2018年6月4日月曜日

【轟爆】お前から、まだ貰ってない【僕のヒーローアカデミア二次小説】

■あらすじ
腐向けな爆豪と轟のヴァレンタイン。Ver2。

▼この作品はBlog【逆断の牢】、【pixiv】の二ヶ所で多重投稿されております。

■キーワード
僕のヒーローアカデミア 腐向け 爆豪勝己 轟焦凍 轟爆

Pixiv■https://www.pixiv.net/novel/show.php?id=9695980
■お前から、まだ貰ってない

■お前から、まだ貰ってない


「――ちッ、また手前、そんな腐るほど貰ってんのかよ、クソがッ」

――二月十四日。学生であれば誰もが浮足立つ、好意を渡し、渡される日。
その日の下校時刻になり、教室を後にしようと思った爆豪が見たのは、机一杯に盛られている包装された小箱の山と、その席の主である轟である。
嫌悪感一杯の想いを込めて吐き出した毒に、併し轟は動じず、「腐るほどじゃない。全部食う」と淡々と解毒してしまう。
爆豪の僻みを全く意に介さない轟に、彼は苛立ちを隠し切れない様子でもう一度盛大に舌打ちを返すと、「精々ほざいてろカスがッ」と吐き捨て、憤然と教室を後にする――――
「帰るのか?」
怒りで風景が歪むほどのオーラを纏う爆豪の背に、轟はいつもの平淡な声を投げかけた。
まるで――爆豪の怒りなど微塵も歯牙に掛けないと言った態度に、教室を去ろうとしていた少年は更に怒りをブーストさせると、鬼の形相で振り返り、「アァ!?」と、騒音に等しい怒鳴り声を張り上げた。
「俺が帰るのにお前の許可がいるのか!? アァ!? ブチ殺すぞ!!」
あまりの腹立たしさに轟に詰め寄っていく爆豪。
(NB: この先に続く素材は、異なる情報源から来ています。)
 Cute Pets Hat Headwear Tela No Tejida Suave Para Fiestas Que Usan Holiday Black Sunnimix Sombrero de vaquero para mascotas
対して轟は沈着冷静な迎撃態勢。胸倉を掴まれて更に罵詈雑言を奏でようとした爆豪に向かって、小さく一言、核弾頭を叩きつける。
「――お前から貰ってない」
眼前でメンチを切っていた爆豪の頭に疑問符が点る。
数瞬、メンチを切った表情のまま沈黙を連ねた爆豪だったが、五秒の空白を置いて、「あ?」と、理解不能の意を吐き出した。
「チョコ」轟は端的に、的確に、告げる。「お前から、まだ貰ってない」
……暫く、爆豪はメンチを切った表情のまま沈黙を返した。
やがて顔が充血し始めると、ポケットから小さなチョコを取り出して、「死ねよッッ!!」と轟に叩きつけた。
ギリギリと歯軋りをして轟を睨み据える爆豪に、半分野郎の彼は、淡々としていながらも、嬉しそうに口唇を歪めるのだった。
「ありがとな」
「……何でも見透かしたみてえにスカシやがってクソボケが……ッ!!」
腸が煮え繰り返る程の憎悪と羞恥心で顔を真っ赤にした爆豪は、そこで背を向けて駆け出して行った。
――かと思いきや、透かさず教室に戻ってきて轟を茹だった人差し指で指差した。
「……誰かに言ったらブチ殺すからな……ッ?」
鬼の形相だが、そこに滲む愛らしさに轟は笑み、「あぁ、俺達だけの秘密だな」と澄ました声で返した。
「死ねクソボケッ!!」
吐き捨てて廊下を駆け抜けて行く爆豪を見送ると、轟は甘い菓子を、特別な相手からの特別な贈答品を、嬉しそうに見つめるのだった。

【後書】
ヴァレンタイン短編を六月に投稿する勇気。
と言う訳で久方振りに轟爆を綴りましたが、かれこれもう一年振りくらいなんですね! 時の流れって恐ろスィーン!
現在ヒロアカのアニメ第3期が絶賛放映中でして、このビッグウェーブに乗り遅れるな! と言う流れで、今後ちょこちょこ轟爆短編や物拳短編をまたチラチラ投稿していこうかなーと!